Version: 8.x-dev » 7.x-dev

I'm moving this back to D7, the original bug report here is still critical - memory leakage. If the benchmarks make no difference, then we need to check if it fixes the memory issues and commit one of the initial patches.

Crell’s picture

@webchick: That's not a problem. Remember that objects pass by handle. The query object has a reference/handle to the schema object, of which there is only one, which itself has a reference/handle to the connection object, of which there is only one, which internally has an array of prepared statement objects. var_dump() just keeps traversing dereferences. There's still only one copy of that array.

webchick’s picture

Ok, I figured it was something like that, esp. since earlier benchmarks showed no RAM increase.

From purely a DX perspective, though, working with hook_query_alter() and trying to figure out what the heck is in a $query object was absolute hell until I commented out $this->preparedStatements[$query] = $stmt; in database.inc. catch also pointed out that this could be a culprit of our > 32MB of RAM install-time requirement, which might be worth looking into.
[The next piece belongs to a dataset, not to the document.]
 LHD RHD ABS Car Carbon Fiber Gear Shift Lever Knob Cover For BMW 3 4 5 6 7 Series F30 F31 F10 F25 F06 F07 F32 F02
But if sucking all of the RAM out of the sky is not an issue, can someone remind me why this is a critical bug for D7?

webchick’s picture

Here are my results with drush during install btw: #281405-118: Drupal 7.x can't be installed with memory_limit=32M Removing that cache saved about 1.5 MB of memory on install. Probably pages like update.php, rebuilding node access permissions, etc. would see similar gains.

catch’s picture

Status: Needs work » Needs review
StatusFileSize
new1.83 KB

See #281405: Drupal 7.x can't be installed with memory_limit=32M around #120 and onwards - we should remove prepared statement caching, since #22 shows no measurable gain from it, and because it shaves 2.5mb-ish from the installer.
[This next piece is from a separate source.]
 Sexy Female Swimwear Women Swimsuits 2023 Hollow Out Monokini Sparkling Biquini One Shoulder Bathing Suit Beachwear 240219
Here's a re-roll of webchick's patch from there, with some additional cleanup. Untested.

catch’s picture

StatusFileSize
new3.83 KB

Missed a bit.

Status: Needs review » Needs work

The last submitted patch, no_cache_for_you.patch, failed testing.

Crell’s picture

Status: Needs work » Needs review

Are you sure, bot? Nothing in that test should have anything to do with this cache.

Crell’s picture

#34: no_cache_for_you.patch queued for re-testing.

Crell’s picture

Status: Needs review » Reviewed & tested by the community

Quick, before the bot changes its mind!

webchick’s picture

Title: Prepared statement caching: Good, Bad, or Ugly? » Remove prepared statement caching
Status: Reviewed & tested by the community » Fixed

Great. Committed to HEAD! I'll go cross-post over at the memory suckage issue and see if we can now install in < 32MB.

Status: Fixed » Closed (fixed)
Issue tags: -Performance

Automatically closed -- issue fixed for 2 weeks with no activity.